Data:

==================================================

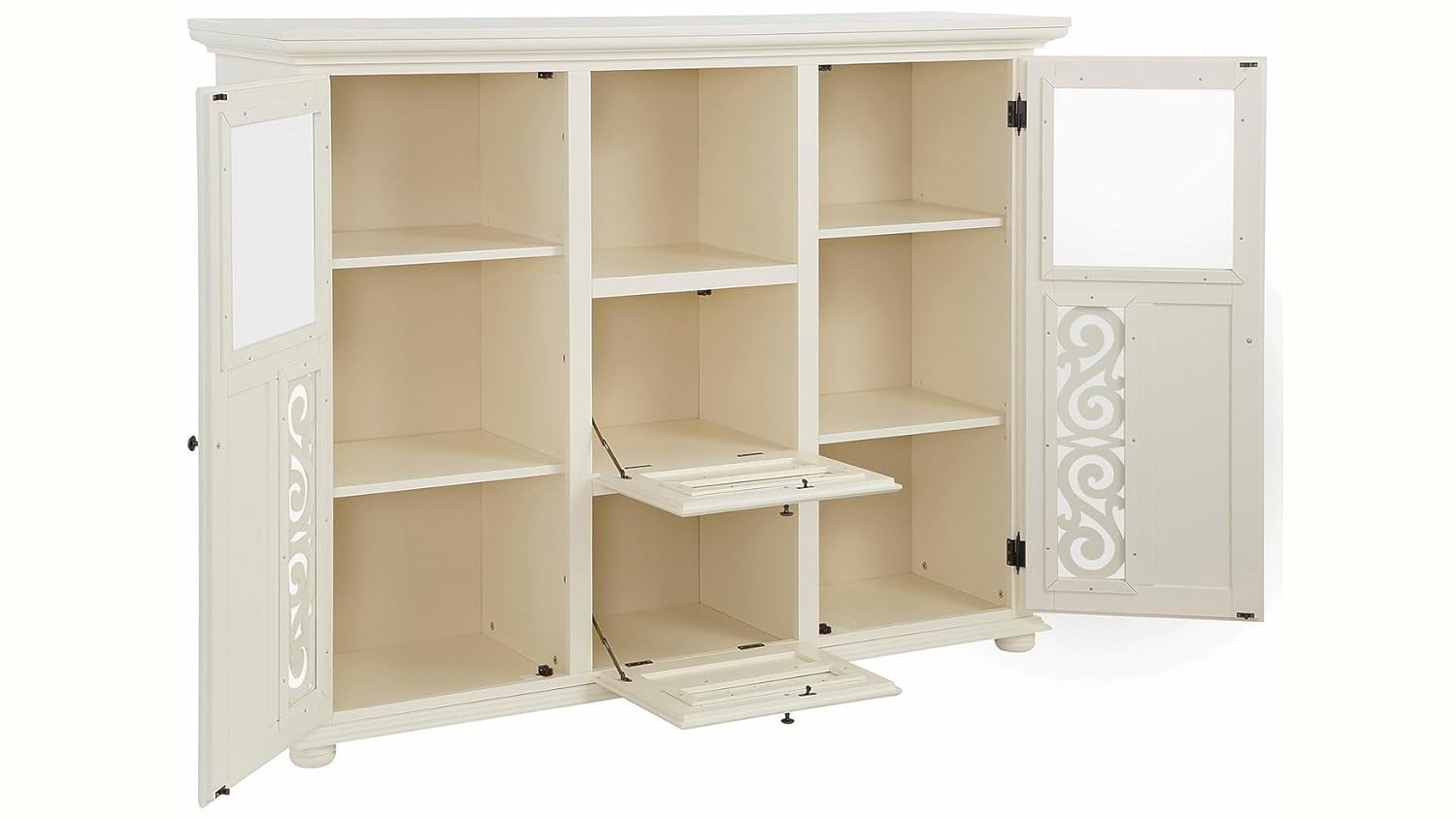 APRODZ Soild Wood Fora Sideboard Storage Cabinet for Living Room | White Finish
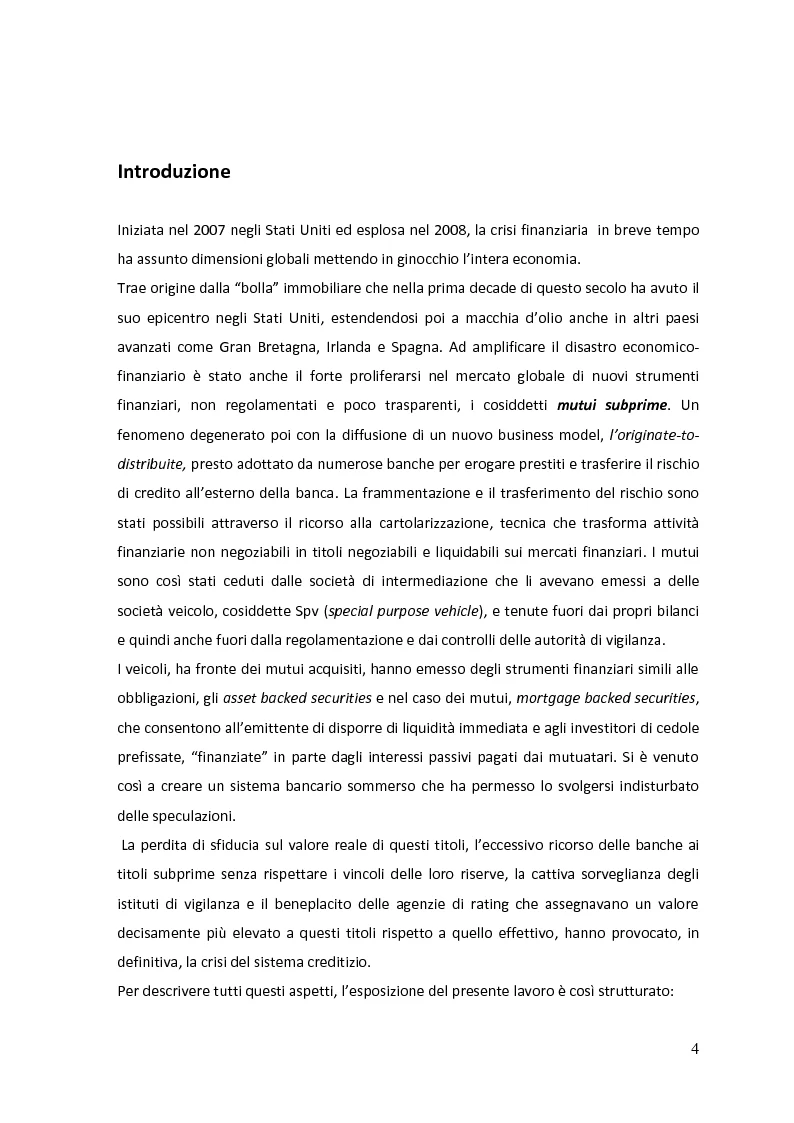 Il ruolo delle agenzie di rating nella recente crisi finanziaria - Tesi
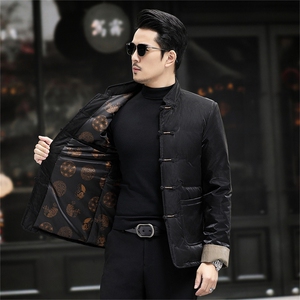 中年唐装90%白鸭绒复古盘扣风中式爸爸羽绒服外套A517-P198图片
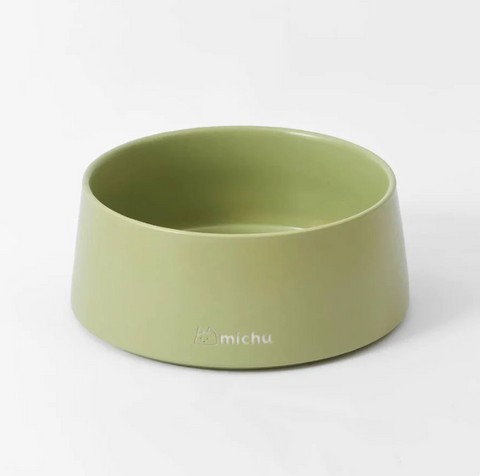 Michu Ceramic 3pcs Dinnerware Set- Raised Bowl and Plate Set for Everyday Pets Essentials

==================================================

Task goal: Would you return the data exactly as written, without the pictures?

Exercise result:
 APRODZ Soild Wood Fora Sideboard Storage Cabinet for Living Room | White Finish
 Il ruolo delle agenzie di rating nella recente crisi finanziaria - Tesi
 中年唐装90%白鸭绒复古盘扣风中式爸爸羽绒服外套A517-P198图片
 Michu Ceramic 3pcs Dinnerware Set- Raised Bowl and Plate Set for Everyday Pets Essentials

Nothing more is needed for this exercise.